■ **The data**:
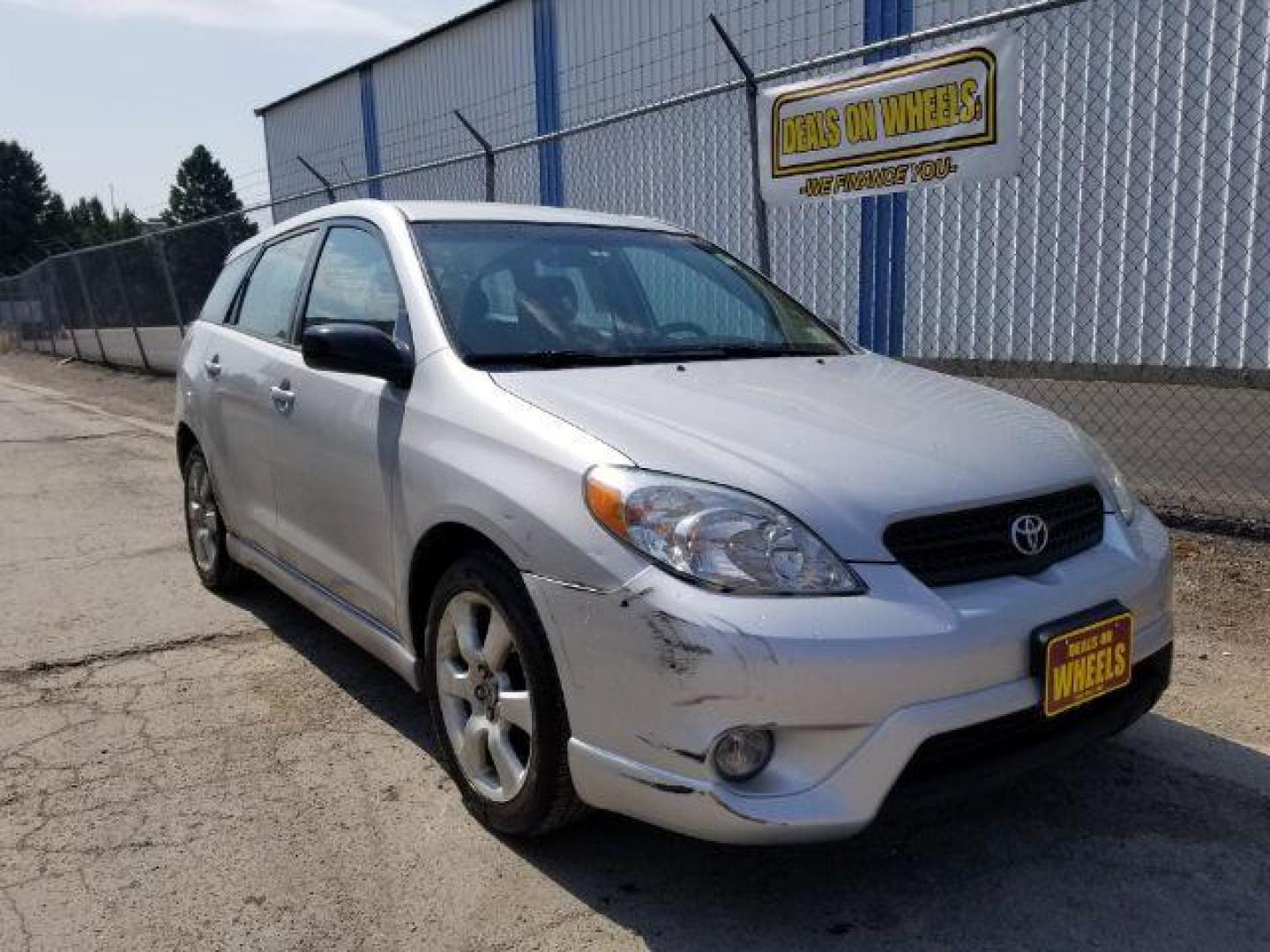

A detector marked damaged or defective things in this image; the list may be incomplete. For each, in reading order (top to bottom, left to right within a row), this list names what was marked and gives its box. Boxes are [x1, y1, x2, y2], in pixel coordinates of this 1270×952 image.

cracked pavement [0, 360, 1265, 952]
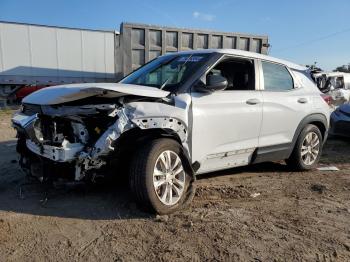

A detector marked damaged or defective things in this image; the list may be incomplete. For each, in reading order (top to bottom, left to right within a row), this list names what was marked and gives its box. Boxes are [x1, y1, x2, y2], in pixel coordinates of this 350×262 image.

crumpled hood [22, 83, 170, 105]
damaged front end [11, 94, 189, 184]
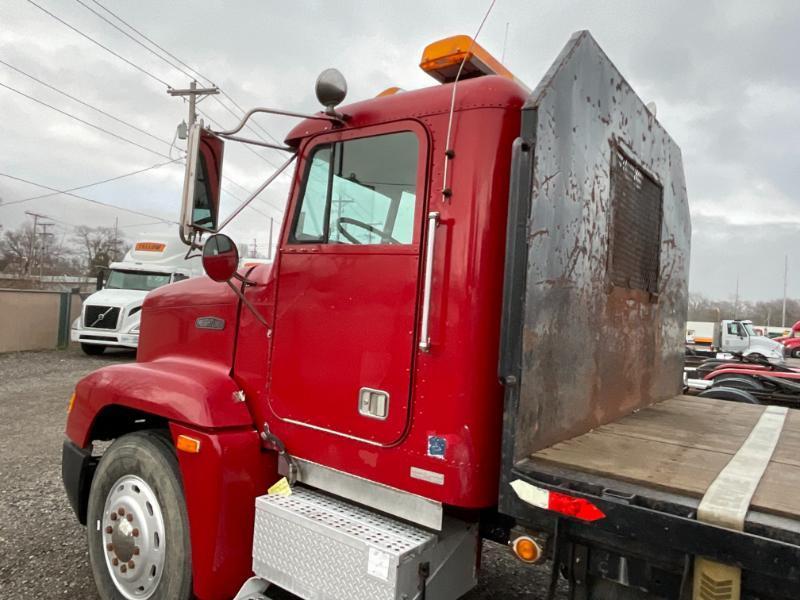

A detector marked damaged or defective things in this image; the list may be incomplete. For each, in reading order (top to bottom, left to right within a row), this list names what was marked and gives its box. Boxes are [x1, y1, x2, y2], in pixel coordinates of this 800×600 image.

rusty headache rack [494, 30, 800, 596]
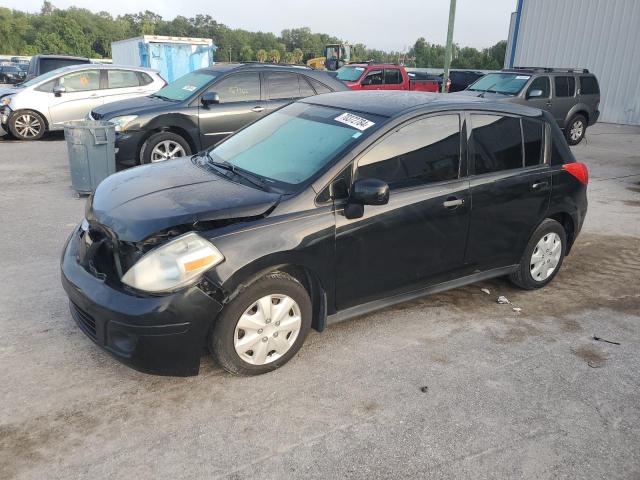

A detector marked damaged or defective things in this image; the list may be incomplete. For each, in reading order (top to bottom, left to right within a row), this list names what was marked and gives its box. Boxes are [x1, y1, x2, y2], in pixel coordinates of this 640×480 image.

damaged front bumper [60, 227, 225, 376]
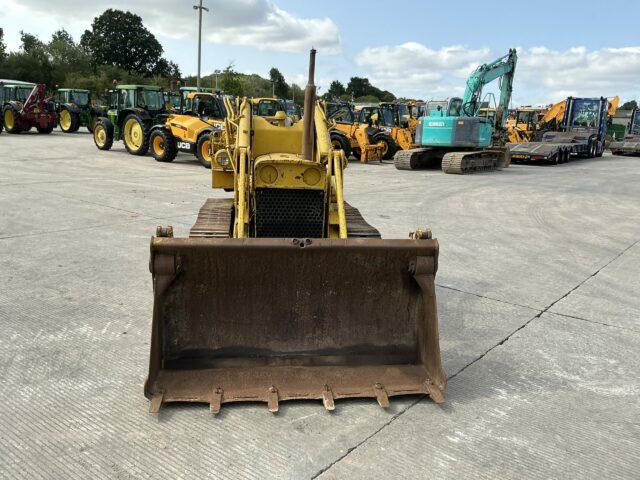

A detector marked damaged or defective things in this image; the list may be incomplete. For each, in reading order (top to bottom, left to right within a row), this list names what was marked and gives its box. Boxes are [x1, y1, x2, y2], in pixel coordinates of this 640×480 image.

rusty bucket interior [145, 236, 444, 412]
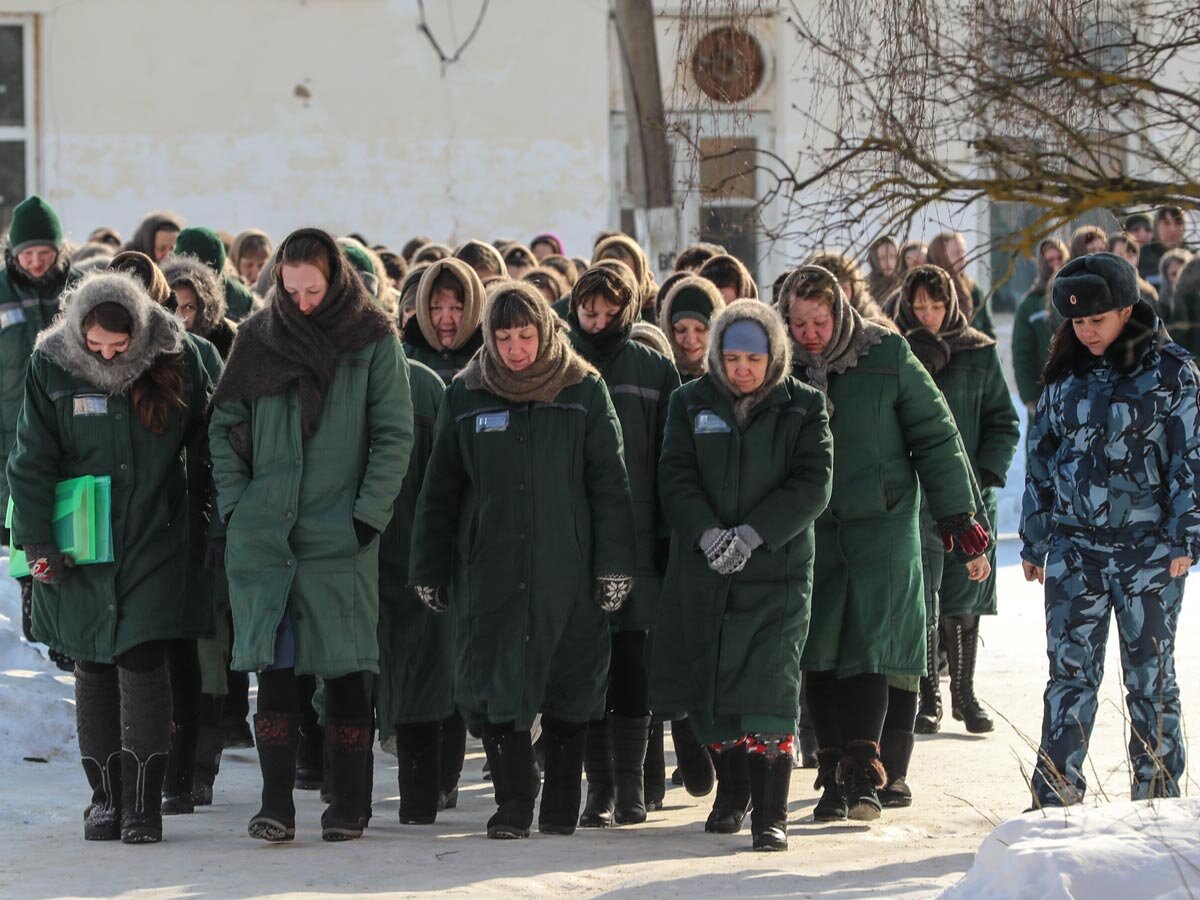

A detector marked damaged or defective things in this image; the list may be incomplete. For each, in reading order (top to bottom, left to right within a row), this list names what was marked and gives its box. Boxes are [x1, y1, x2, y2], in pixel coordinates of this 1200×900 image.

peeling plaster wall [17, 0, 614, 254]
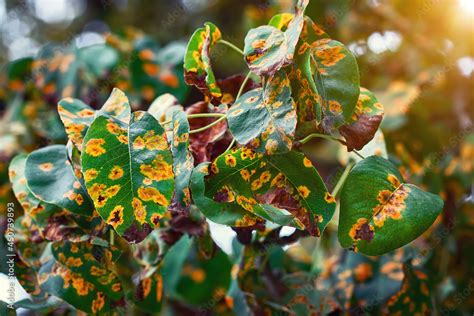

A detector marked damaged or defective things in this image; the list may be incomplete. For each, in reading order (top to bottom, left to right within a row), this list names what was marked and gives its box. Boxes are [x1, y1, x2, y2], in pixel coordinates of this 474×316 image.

■ **Work instructions**:
Since the copy must hold no pictures, repeat everything else in the records exactly as written.

■ **Written response**:
A detector marked damaged or defective things in this image; the list may be incomplete. For each, in reading order (top to bottom, left to right within a row), this list names what was marked and gives its box. Boxes are [x1, y1, x2, y2], in pixel coordinates of this 1270×952 image.

cracked pavement [0, 360, 1265, 952]

A detector marked damaged or defective things in this image; the list may be incomplete. For each, in reading order (top to bottom, left to right within a row), this list names what was marked and gives its box. Boxes are [x1, y1, x2, y2], in pixel coordinates of this 350×262 image.

crumpled hood [22, 83, 170, 105]
damaged front end [11, 94, 189, 184]

A detector marked damaged or defective things in this image; the list may be incomplete. For each, in reading order (top to bottom, left to right within a row), this list names what was marked and gives its box. Boxes are [x1, y1, x2, y2], in pixel coordinates of this 800×600 image.

rusty headache rack [494, 30, 800, 596]

A detector marked damaged or defective things in this image; the list may be incomplete. For each, in reading order (top to bottom, left to right within a row), this list names what was marked and gives its box. Boxes are [x1, y1, x2, y2], in pixel coordinates of this 640×480 image.

damaged front bumper [60, 227, 225, 376]

A detector marked damaged or defective things in this image; the list may be incomplete. For each, in reading order (top to bottom, left to right within a row), this list names what was marked and gives its box. Boxes are [x1, y1, x2, y2], in pixel coordinates of this 640×480 image.

rusty bucket interior [145, 236, 444, 412]

A detector marked damaged or defective things in this image; the list may be incomplete. For each, in reading order (top to bottom, left to right within a row), this list names what was marked and gives its box. Boxes are [x1, y1, x2, y2], in pixel coordinates of this 1200×900 image.

peeling plaster wall [17, 0, 614, 254]

A detector marked damaged or defective things in this image; the list may be incomplete. For each, in reading order (top to bottom, left to right within a row), this list names what was marked and gives its box. Boxes are [x1, y1, x2, y2], in pixel coordinates of this 474×316 image.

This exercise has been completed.